_What the exercise asks_
Your answer must be an exact copy of the lines below, from the first through the one with "Black Diamond Eternal", with no pictures.

(Pictures with short captions)
++++++
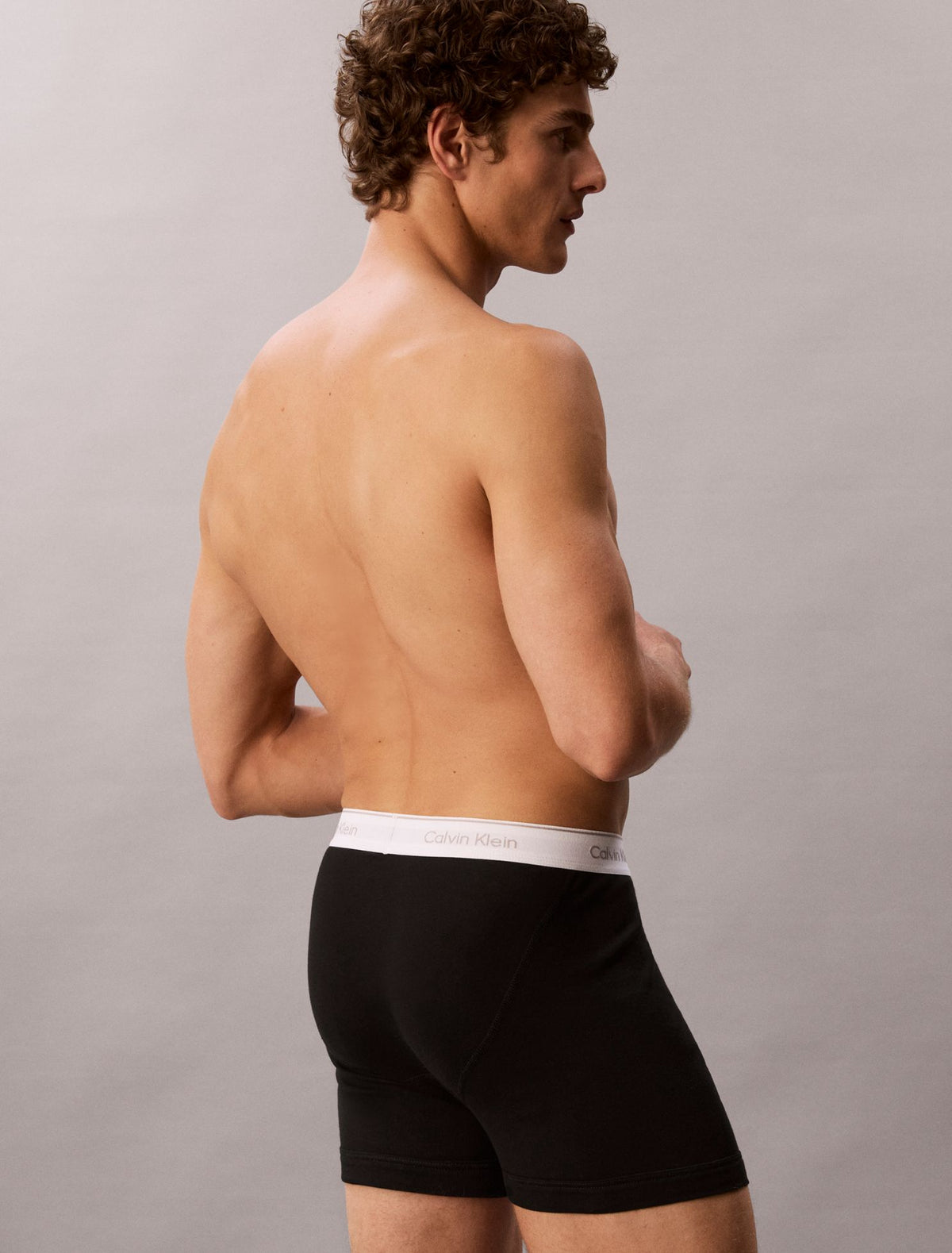 Calvin Klein Cotton Classics 5-Pack Boxer Brief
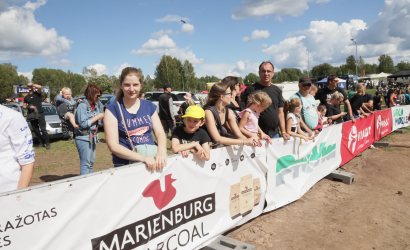 Vaidavas Kauss 2023 2. diena. Foto: Valdis Paeglis396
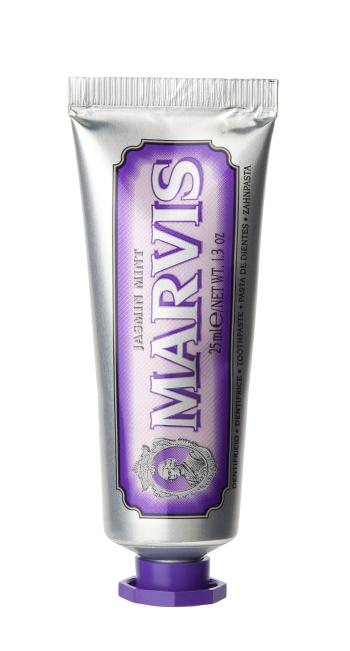 MARVIS Jasmin Mint zubní pasta s fluoridy, cestovní balení, 25 ml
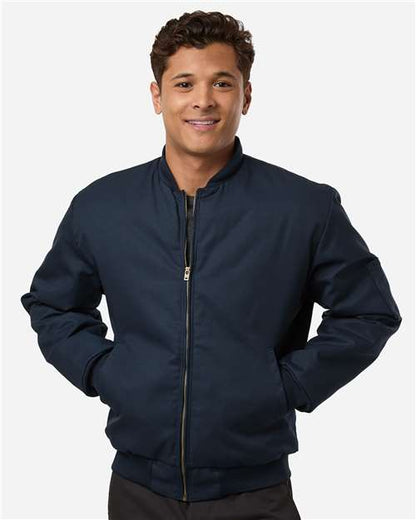 Red Kap Men's Solid Team Jacket 1431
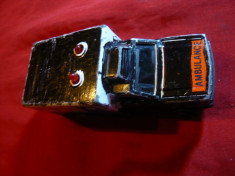 Masinuta miniatura - Ambulanta - marca Majorette Franta , metal , L= 8 cm foto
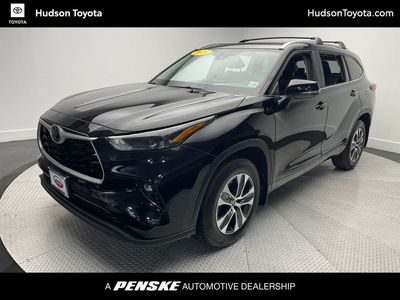 2023 Toyota Highlander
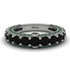 Black Diamond Eternal Love Wedding Ring - Anaya No. 24 image 3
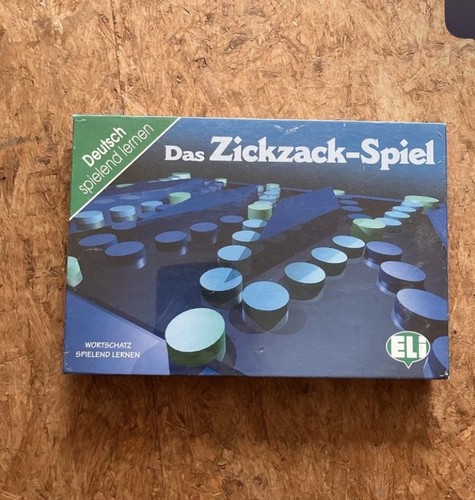 Ovp das zickzack spiel - das,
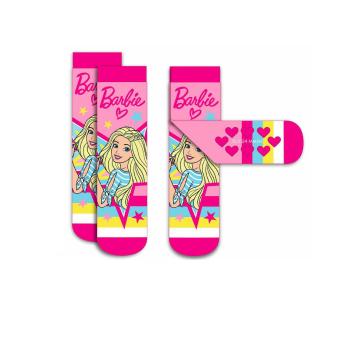Calzini bimba antiscivolo barbie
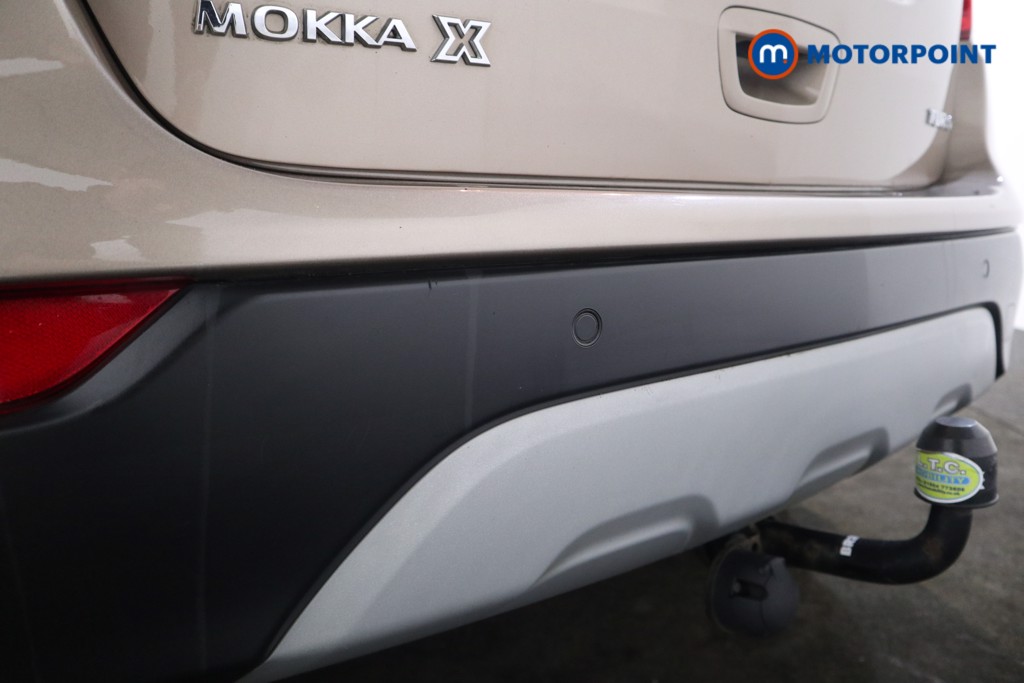 Vauxhall Mokka X Active Automatic Petrol SUV - Stock Number (1626565) - 22nd supplementary image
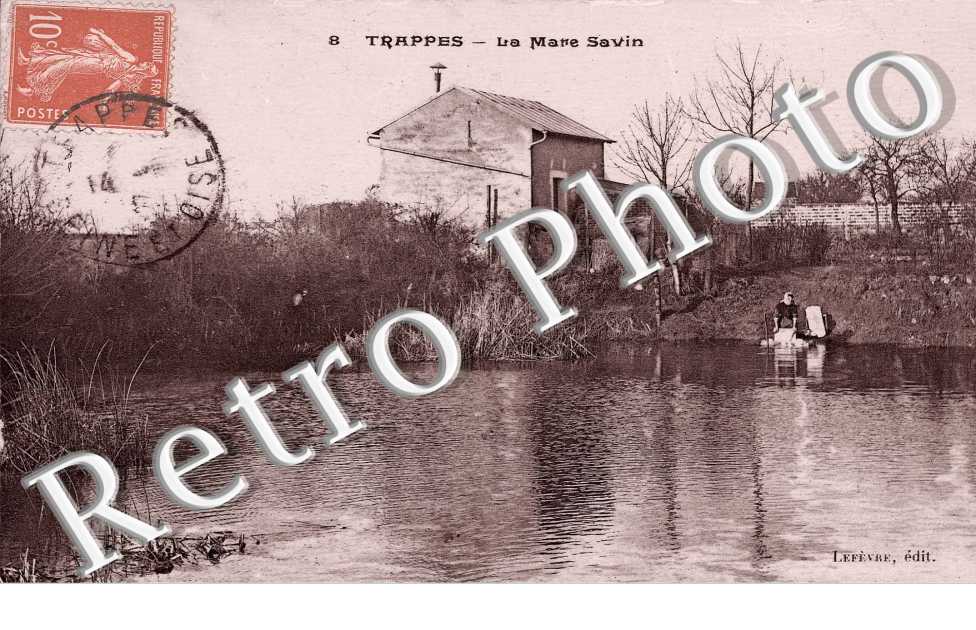 La Mare Savin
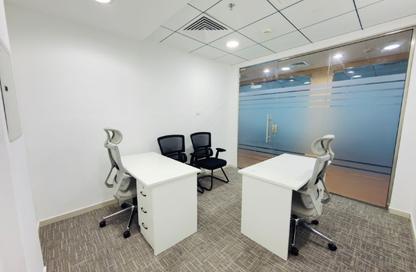 Office Space - Studio - 4 for rent in Hamdan Street - Abu Dhabi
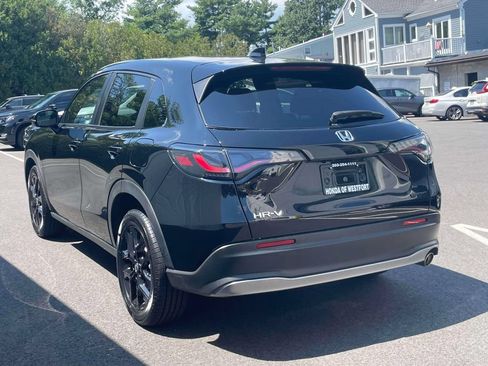 Certified 2024 Honda HR-V Sport image 7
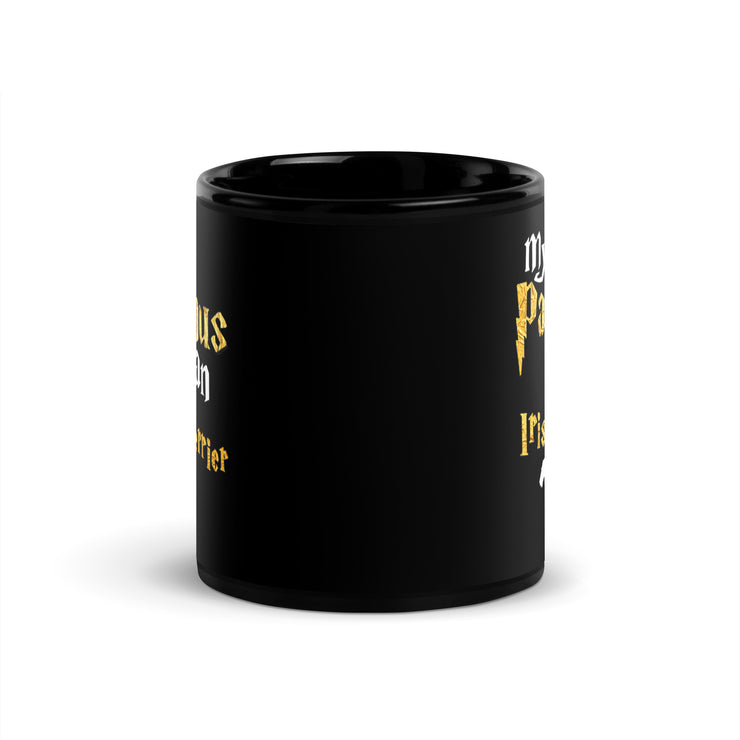 Irish Terrier Mug  - Patronus Mug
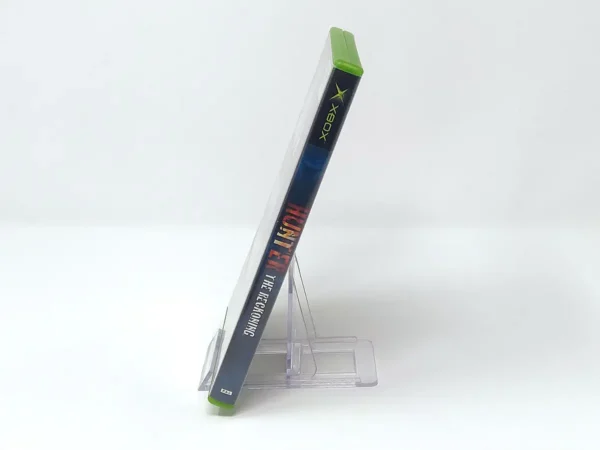 Lateral de la caja de Hunter: The Reckoning (ESP) para XBOX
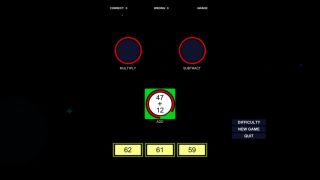 Math Speed Challenge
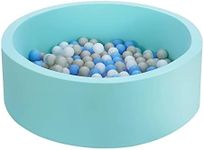 Keezi Ball Pit, 90 x 30cm Foam Ball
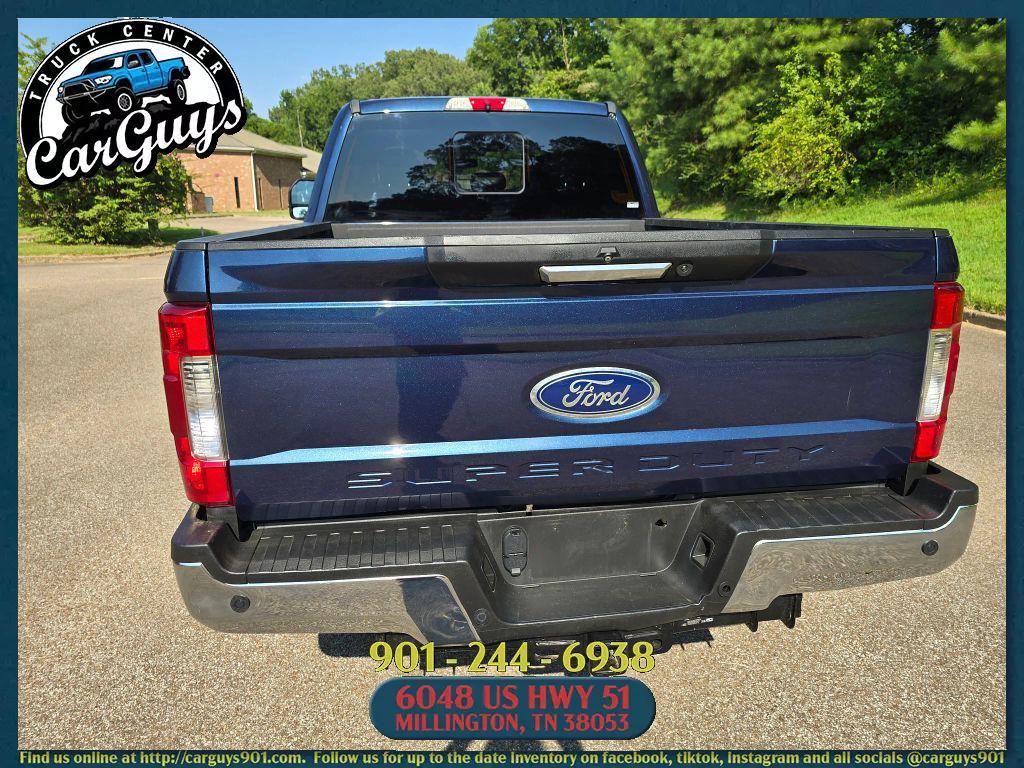 used 2019 Ford F-250 car, priced at $38,999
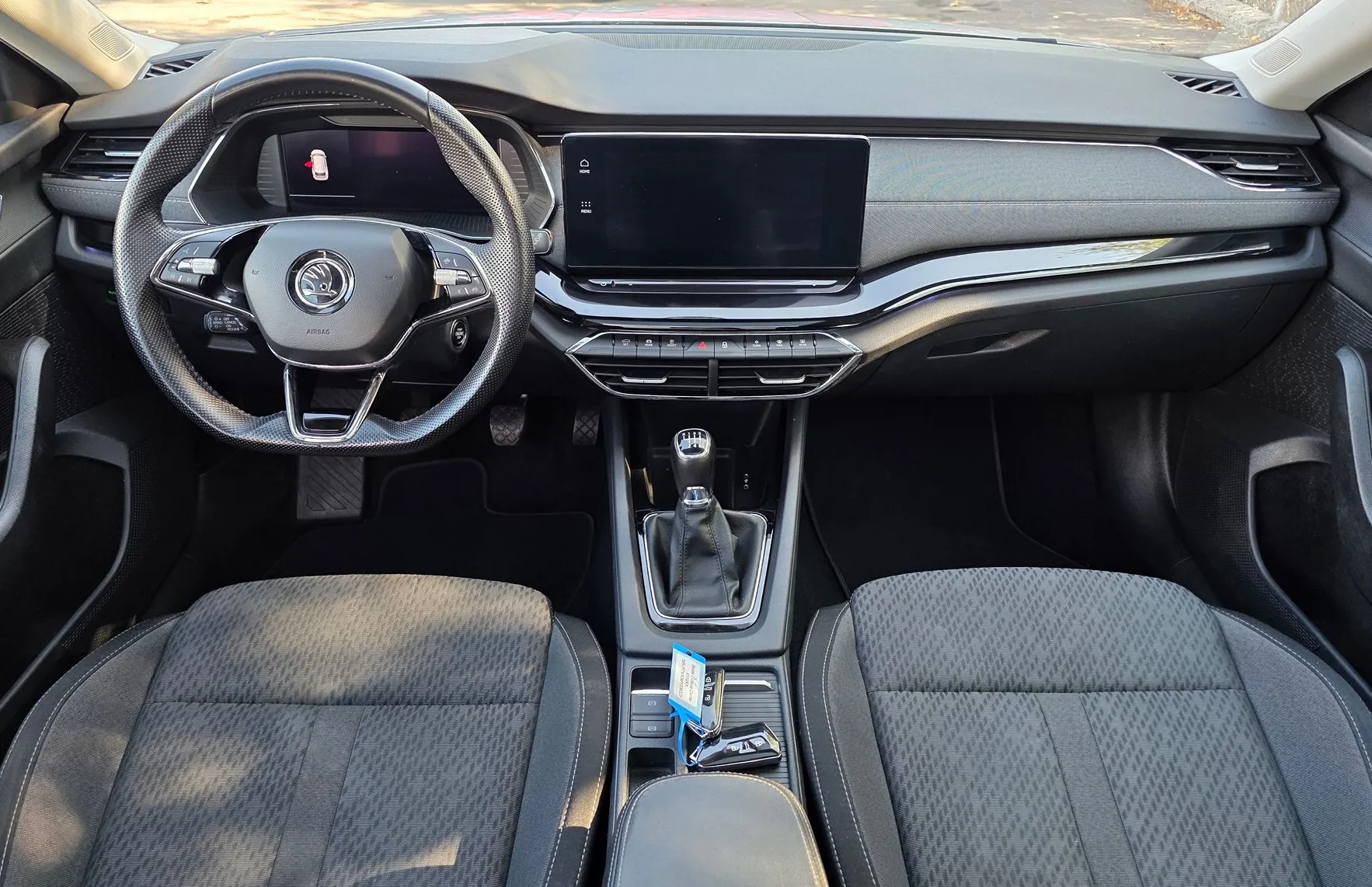 Zunanja slika - Škoda Octavia - COMBI 1.0 TSI STYLE LED-PANORAMA-VIRTUAL-NAVI - 9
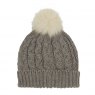 Ridgeline Ridgeline Nordic Fleck Bobble Hat Mushroom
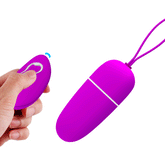 Huevo Inalámbrico Bradley Pretty Love vibrating egg with remote control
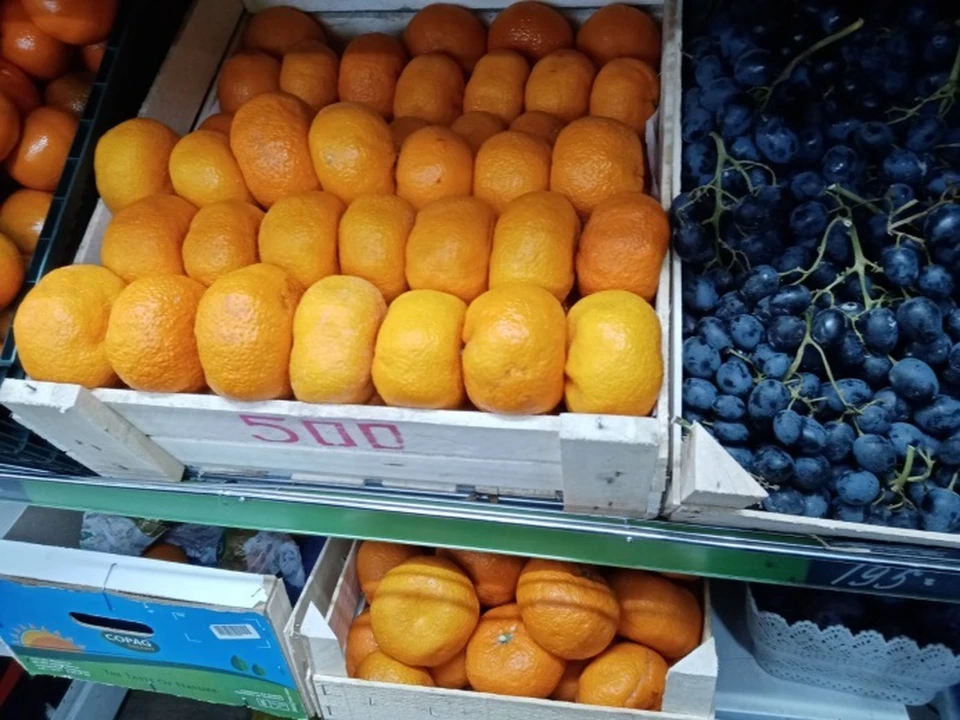 Продукция не прошла карантинный контроль Фото: Управление Россельхознадзора по Тверской области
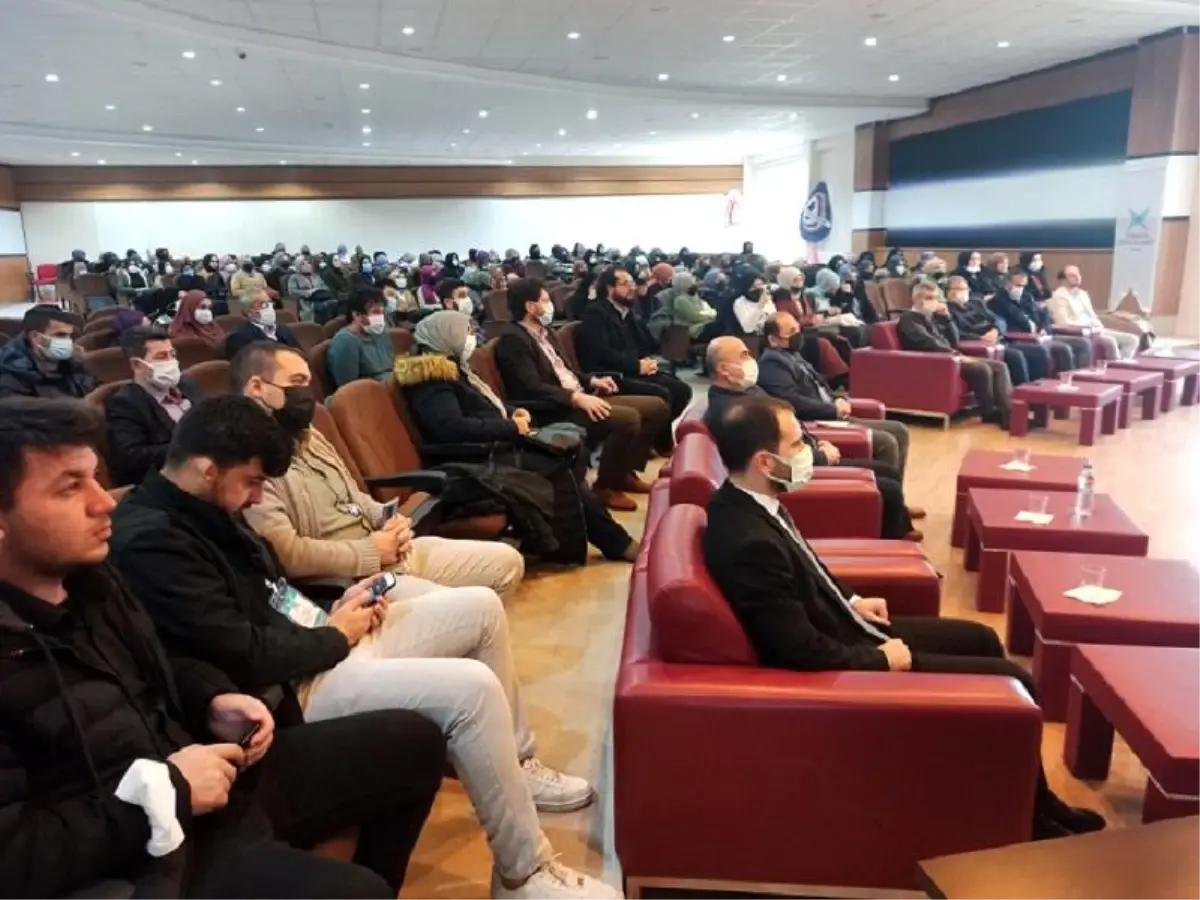 'Niyet Felsefesi' ve 'Dijital Eğitim ve Etkileri' Konulu Konferanslar Düzenlendi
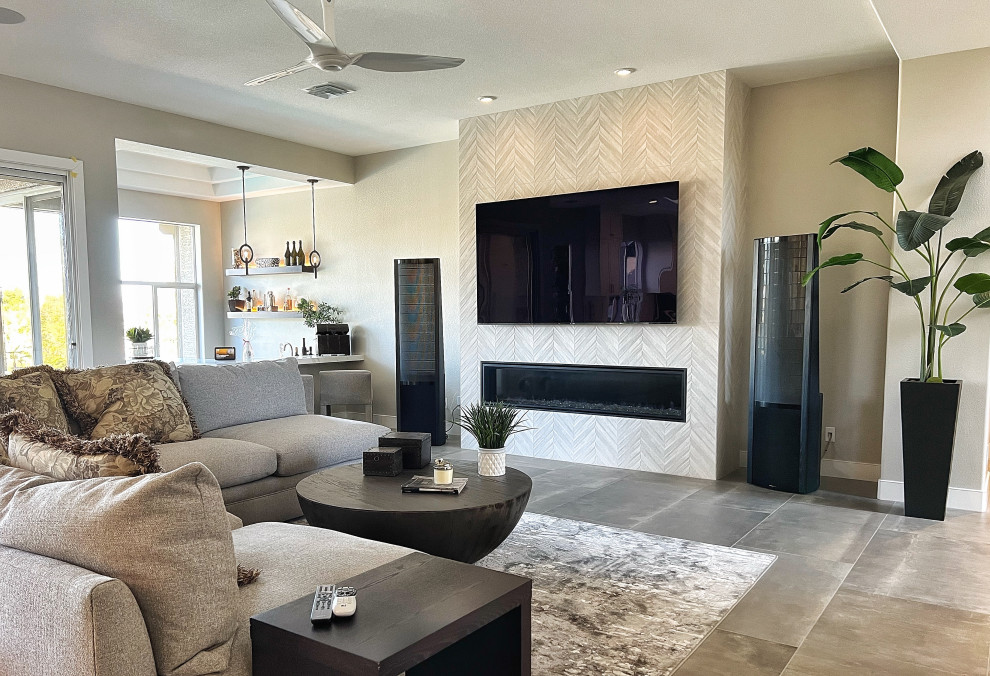 Fireplaces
++++++
_Answer to this task_
 Calvin Klein Cotton Classics 5-Pack Boxer Brief
 Vaidavas Kauss 2023 2. diena. Foto: Valdis Paeglis396
 MARVIS Jasmin Mint zubní pasta s fluoridy, cestovní balení, 25 ml
 Red Kap Men's Solid Team Jacket 1431
 Masinuta miniatura - Ambulanta - marca Majorette Franta , metal , L= 8 cm foto
 2023 Toyota Highlander
 Black Diamond Eternal Love Wedding Ring - Anaya No. 24 image 3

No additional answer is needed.